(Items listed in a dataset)
===============
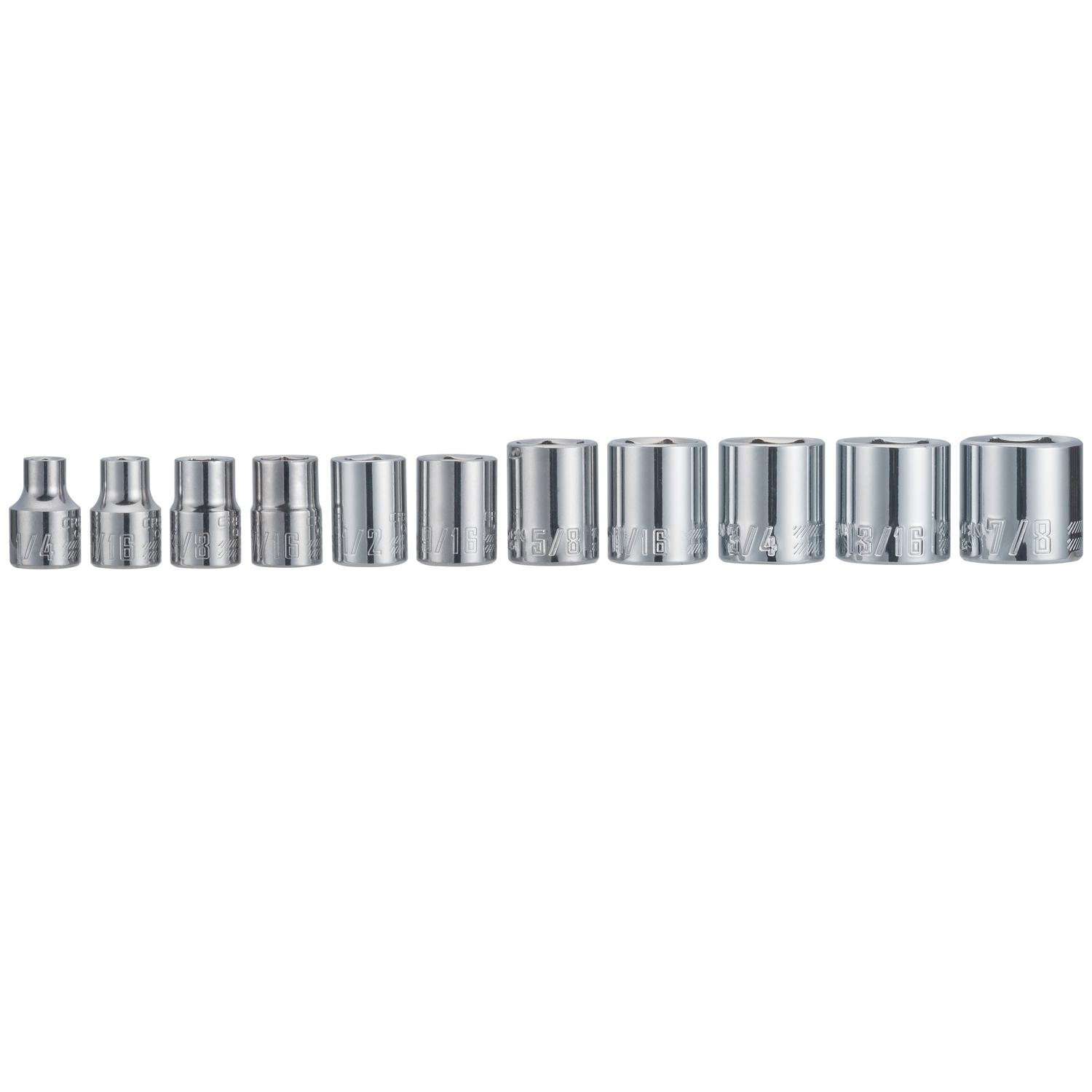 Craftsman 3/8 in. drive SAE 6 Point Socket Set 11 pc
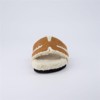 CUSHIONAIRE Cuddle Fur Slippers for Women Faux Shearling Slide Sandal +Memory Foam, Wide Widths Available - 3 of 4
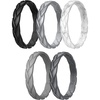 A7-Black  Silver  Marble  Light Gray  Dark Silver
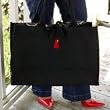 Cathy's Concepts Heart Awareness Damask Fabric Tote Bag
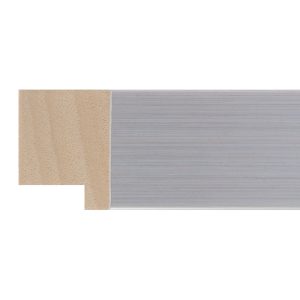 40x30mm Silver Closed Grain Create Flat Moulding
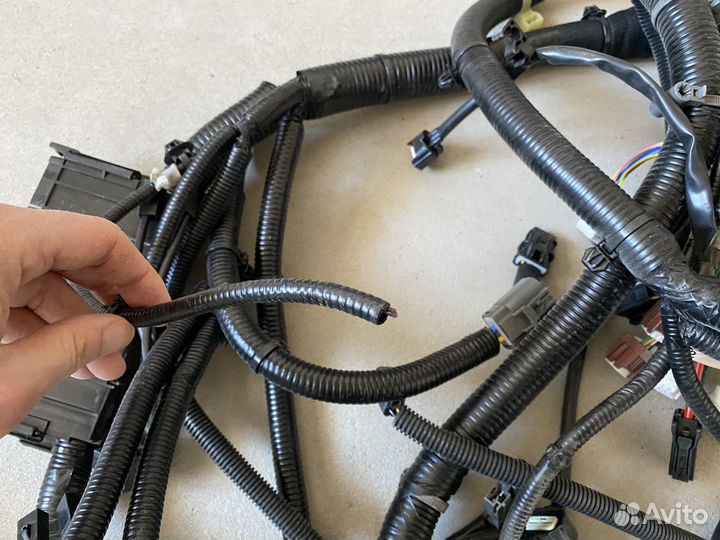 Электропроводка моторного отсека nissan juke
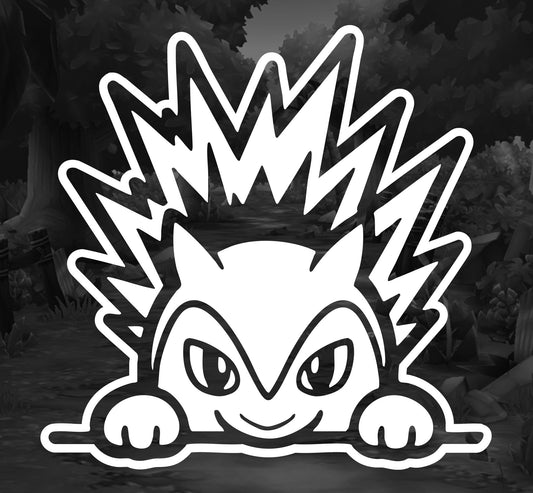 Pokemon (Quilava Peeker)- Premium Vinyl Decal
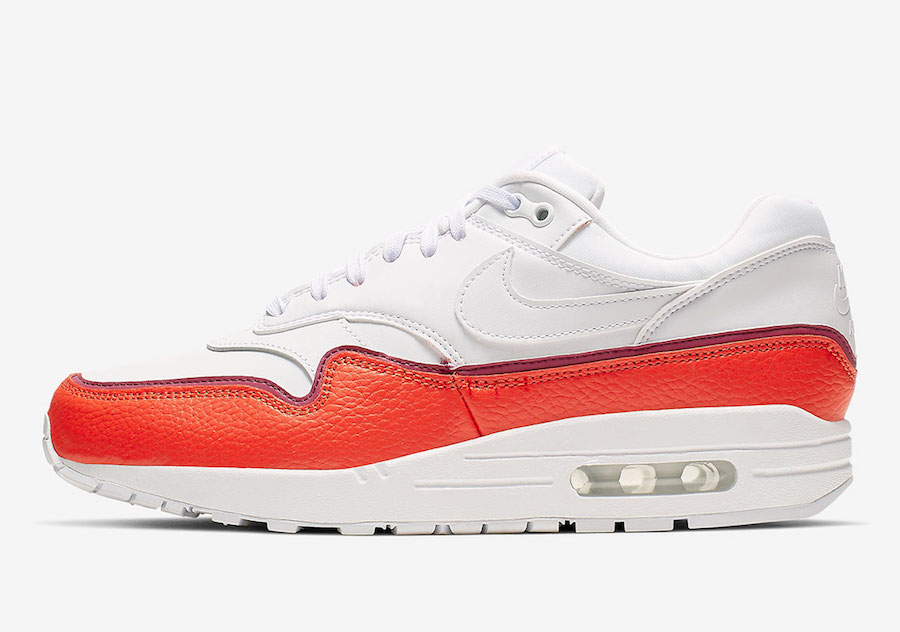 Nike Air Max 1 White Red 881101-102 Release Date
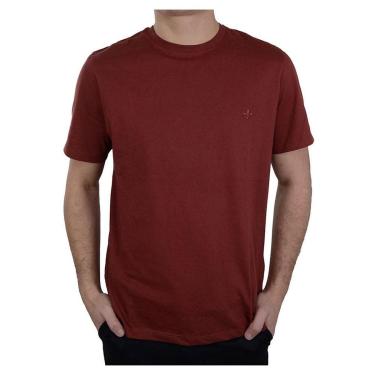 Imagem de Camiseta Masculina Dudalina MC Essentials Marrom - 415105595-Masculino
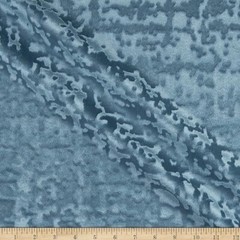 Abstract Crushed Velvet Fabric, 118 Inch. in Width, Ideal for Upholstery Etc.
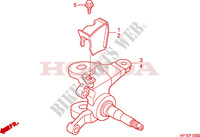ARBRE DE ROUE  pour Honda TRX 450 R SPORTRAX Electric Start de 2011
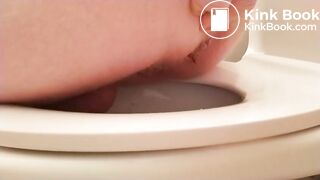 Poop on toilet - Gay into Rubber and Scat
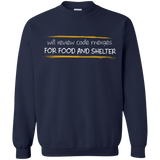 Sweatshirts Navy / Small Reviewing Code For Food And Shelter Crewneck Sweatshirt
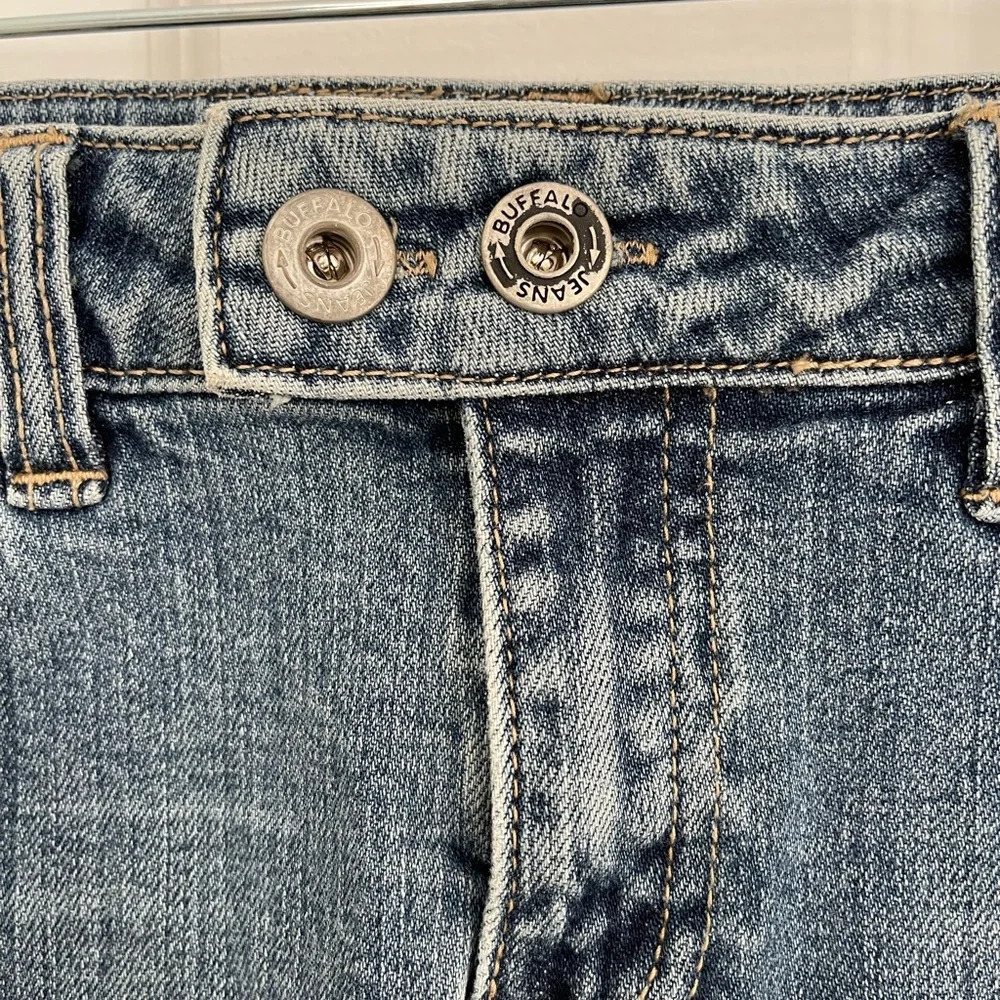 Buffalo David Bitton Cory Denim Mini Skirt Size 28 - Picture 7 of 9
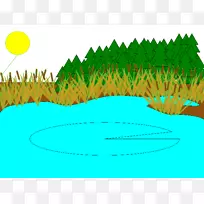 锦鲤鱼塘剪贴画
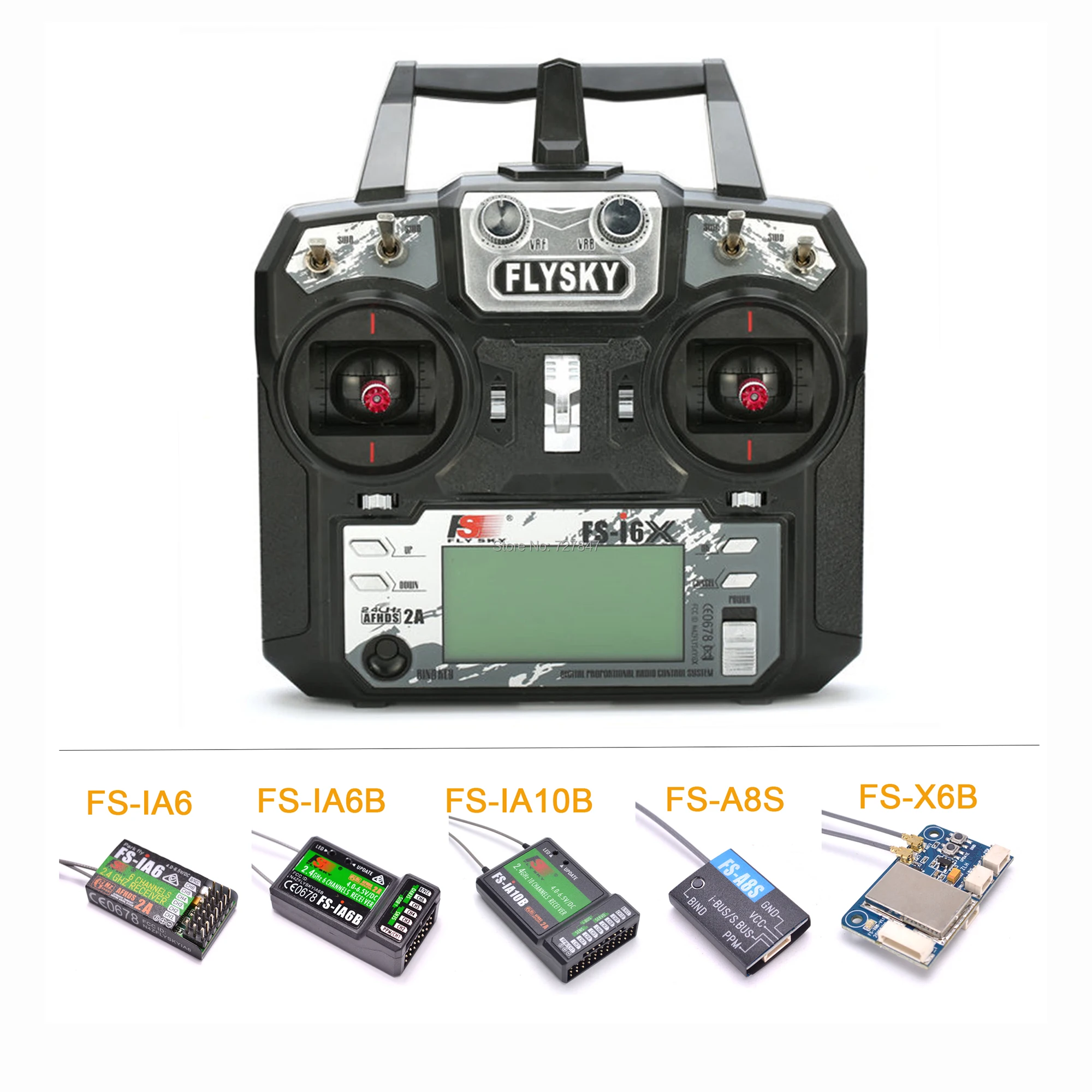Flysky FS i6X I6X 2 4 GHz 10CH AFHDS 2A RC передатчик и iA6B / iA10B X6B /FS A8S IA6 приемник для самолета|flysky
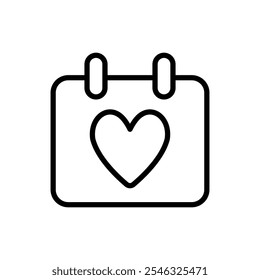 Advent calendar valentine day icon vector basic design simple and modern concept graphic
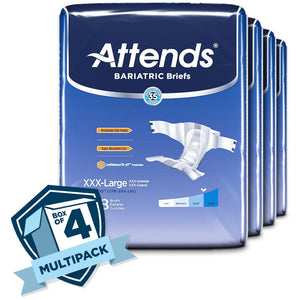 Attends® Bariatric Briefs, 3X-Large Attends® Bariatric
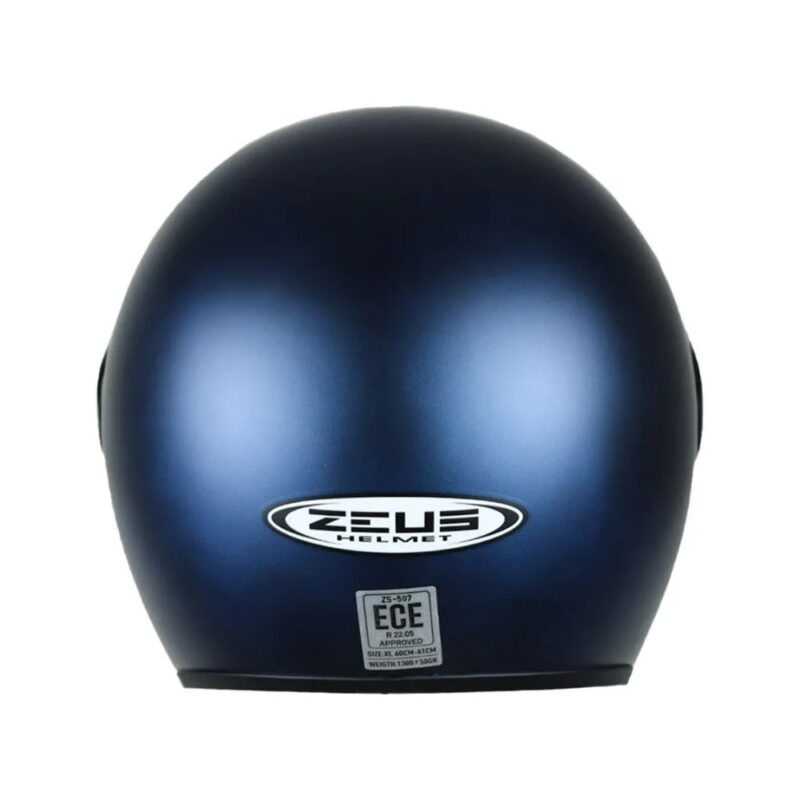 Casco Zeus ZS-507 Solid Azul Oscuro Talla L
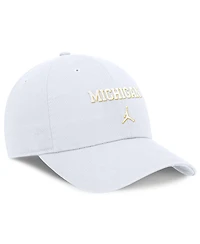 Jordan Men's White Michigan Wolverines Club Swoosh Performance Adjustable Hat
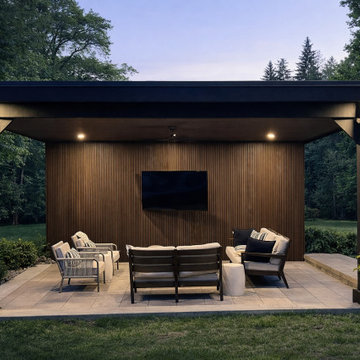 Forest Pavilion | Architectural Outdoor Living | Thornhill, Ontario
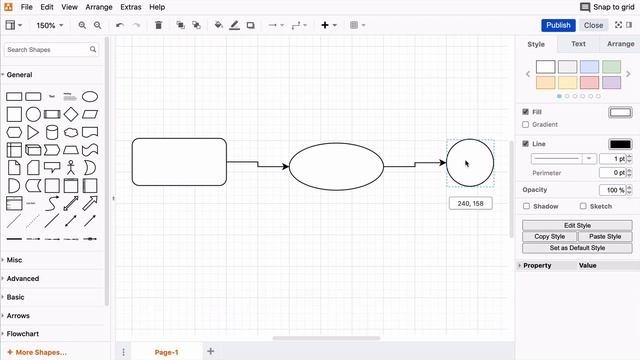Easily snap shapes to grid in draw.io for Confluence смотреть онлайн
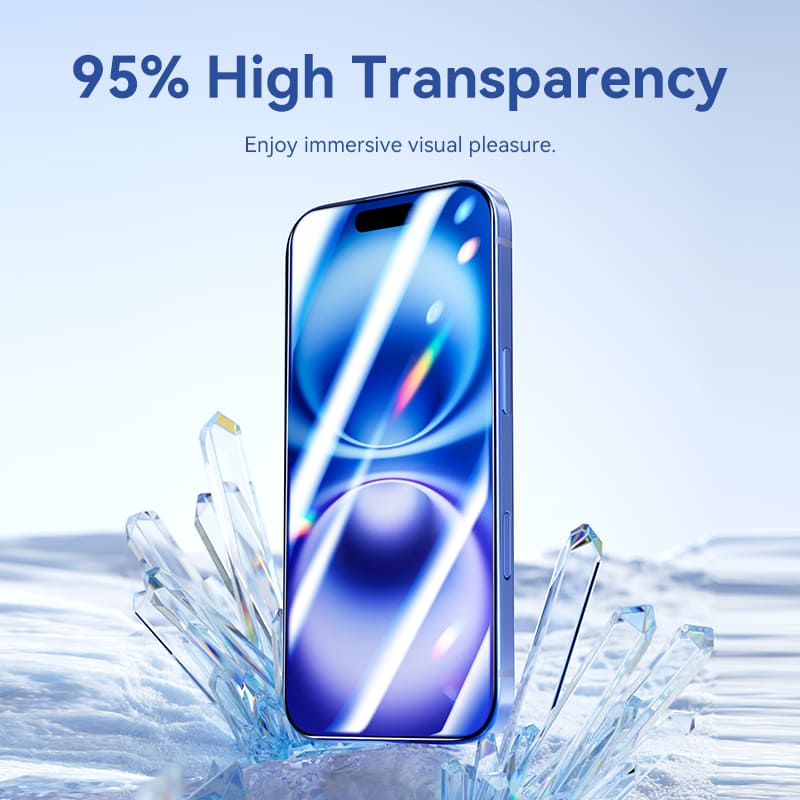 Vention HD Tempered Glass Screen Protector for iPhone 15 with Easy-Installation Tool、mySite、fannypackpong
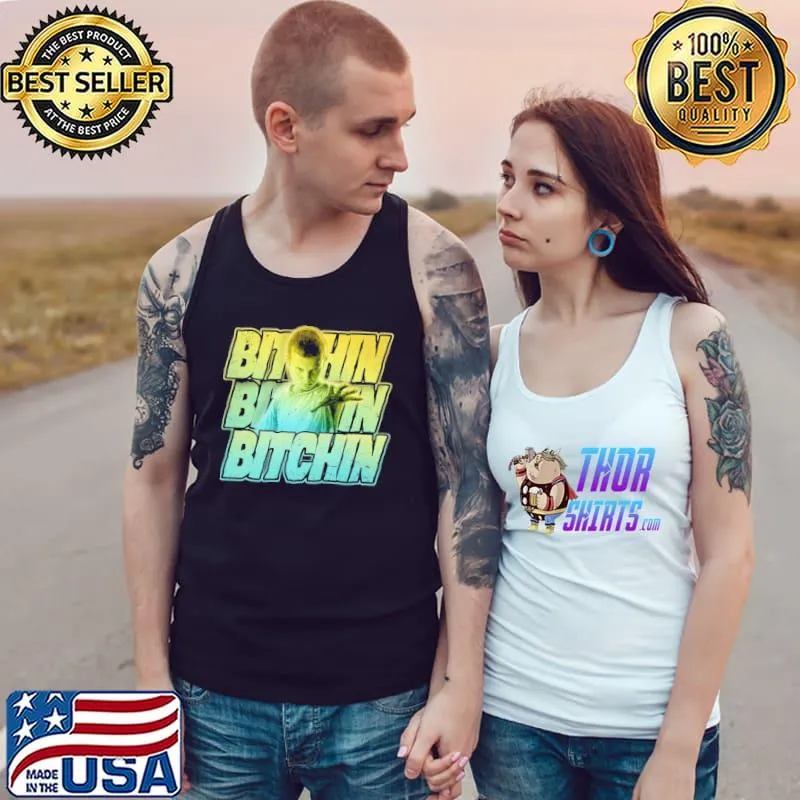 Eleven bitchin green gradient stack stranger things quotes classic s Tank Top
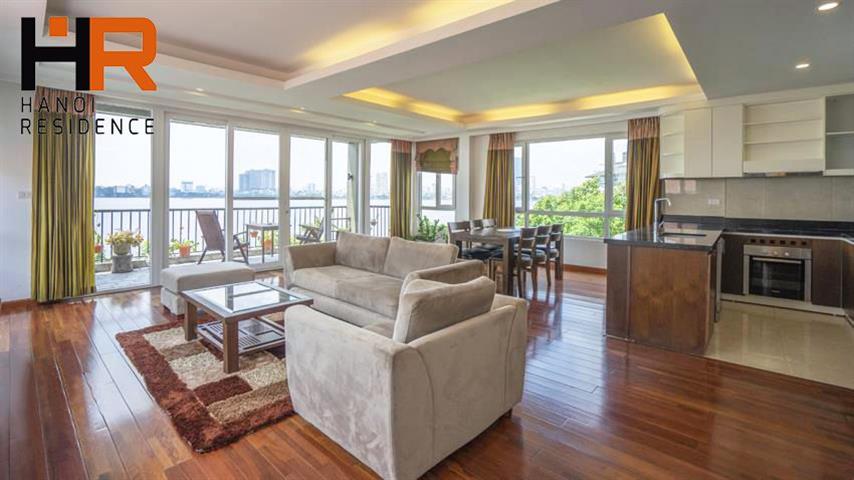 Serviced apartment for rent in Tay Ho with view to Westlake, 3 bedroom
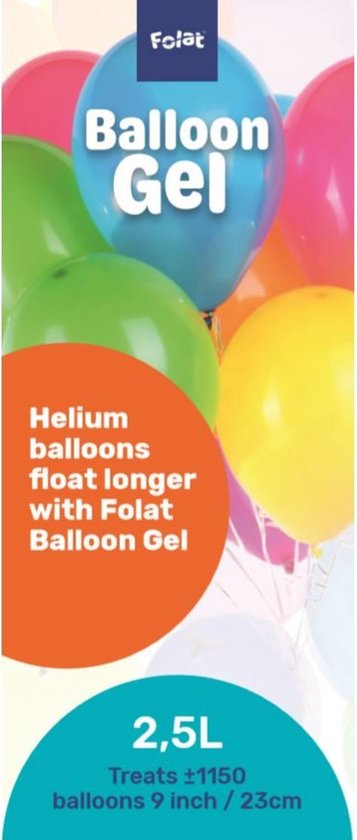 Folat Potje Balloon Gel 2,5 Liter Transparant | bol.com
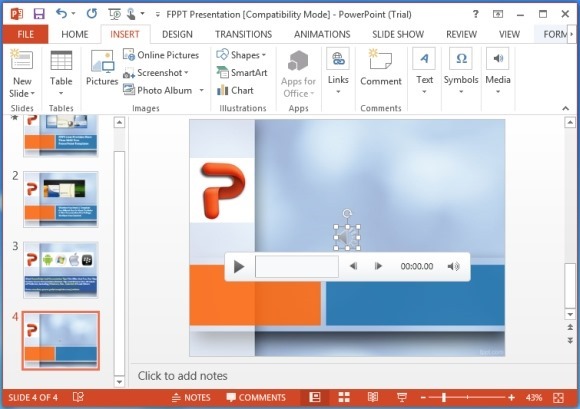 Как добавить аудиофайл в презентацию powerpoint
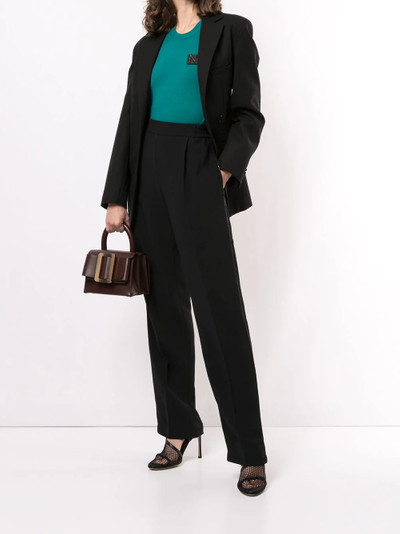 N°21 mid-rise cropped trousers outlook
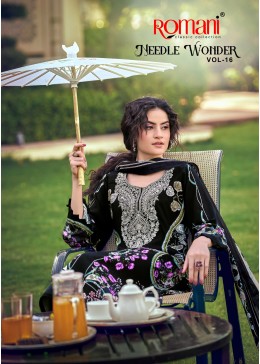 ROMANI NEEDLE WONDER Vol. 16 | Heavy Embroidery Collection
===============
→ **Directions for this task**
Please repeat, exactly as written, the lines in the records above, starting with the one that has "Easily snap shapes" and going on through the one that has "Eleven bitchin green". Pictures are to be left out.

→ **Task answer**
Easily snap shapes to grid in draw.io for Confluence смотреть онлайн
 Vention HD Tempered Glass Screen Protector for iPhone 15 with Easy-Installation Tool、mySite、fannypackpong
 Eleven bitchin green gradient stack stranger things quotes classic s Tank Top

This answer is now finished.